Taylor Swift’s historic Grammys win revives some familiar narratives
Taylor Swift made history winning four Album of the Year awards, but it felt like history repeating in more ways than one
On Sunday night, Taylor Swift made history as the only artist ever to win four Album of the Year awards at the Grammys. In her acceptance speech, Swift didn’t focus much on the unique nature of the moment. (“I would love to tell you that this is the best moment of my life, but I feel this happy when I finish a song or when I crack the code to a bridge that I love,” she said, in part.) Instead of coming across as a singular moment in her career and music history, the win for Midnights was a culmination of all the times she’d taken the trophy before. The night carried an echo of the acceptances for Fearless, 1989, and folklore, both in Swift’s actions and the reactions of the viewers.
One aspect was Swift pulling Lana Del Rey onto the stage, despite the latter artist seeming resistant to joining the group. Del Rey is technically one of Midnights’ Album of the Year winners as a “featured artist” on the record (both a songwriter and performer on the track “Snow On The Beach”), but she was also a loser in the category for her own album (Did You Know There’s A Tunnel Under Ocean Blvd). Fans online questioned why Swift was so insistent on having Del Rey next to her: “The way she dragged Lana up on stage made me wanna pass out that’s so embarrassing ahhhh,” writer Bolu Babalola posted on Twitter/X. It was conspicuous, especially combined with Jack Antonoff telling Swift onstage that “Laura’s right here” (in reference to recording engineer Laura Sisk).
In her previous acceptance speeches, the team behind Swift was overwhelmingly male. This was particularly glaring when she accepted the award for 1989 and made an empowering statement to “young women” about not letting anyone else take credit for their successes. Yet the message was undercut by the image: “The first woman to win Album of the Year twice but no women producers standing behind you,” writer Janet Mock tweeted in response to the 1989 speech. Imogen Heap and Sisk were the only other women besides Swift credited for the 1989 AOTY win, but neither were onstage to accept the award that year. Sisk joined the group for Swift’s next AOTY win, folklore; Midnights doubled the number of women on stage by adding Del Rey.

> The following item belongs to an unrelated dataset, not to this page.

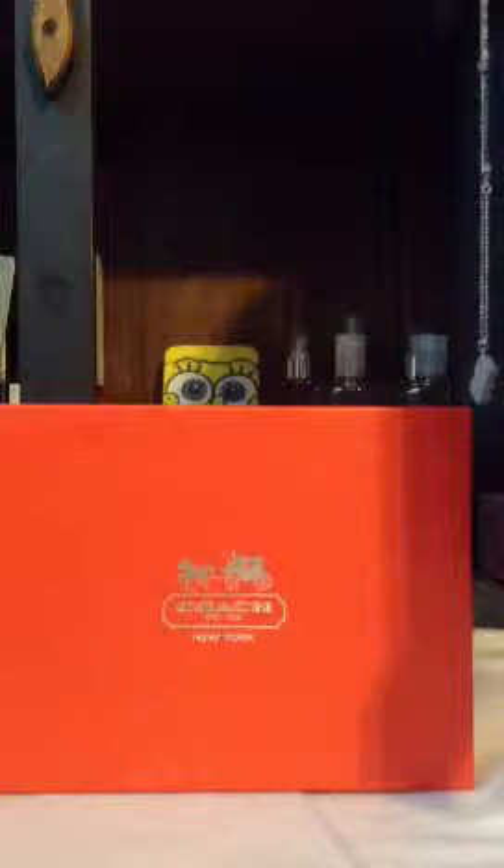Hi everyone. I'm here today to do an unboxing video on a Coach Patent Leather iPad sleeve.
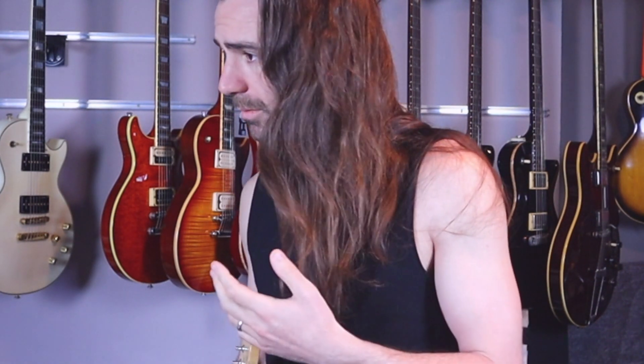All right, awesome. Be sure to like, comment, and subscribe on Guitar Guitar Guitar. We're here at Summer NAMM 2019. Y'all badass.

Swift would not be caught again in another inadvertent image crisis by snubbing female collaborators. (Instead, she caused an image crisis by inadvertently snubbing Celine Dion.)
There are issues with the Grammys beyond Taylor Swift
But it doesn’t matter how carefully Swift tries to correct the record, because she’ll still be haunted by old narratives outside her control. Hundreds of posts cropped up complaining of Swift’s “fake surprise,” that she was “pretending she’s grateful,” and expressing annoyance at her “shocked face.” This is an accusation that has followed the singer since the early days of her career—essentially since she started winning awards. No matter that no one else has ever won four Album of the Year trophies, making the honor genuinely rather shocking. People have always criticized the way Swift goes about accepting awards, mostly because her reactions just seem to rub people the wrong way. This has been so pervasive that Swift herself parodied it in her “Look What You Made Me Do” video, where different versions of her taunting that she’s “so fake” and couldn’t possibly be that shocked all the time: “Stop making that surprised face, it’s so annoying,” Zombie Taylor snarked.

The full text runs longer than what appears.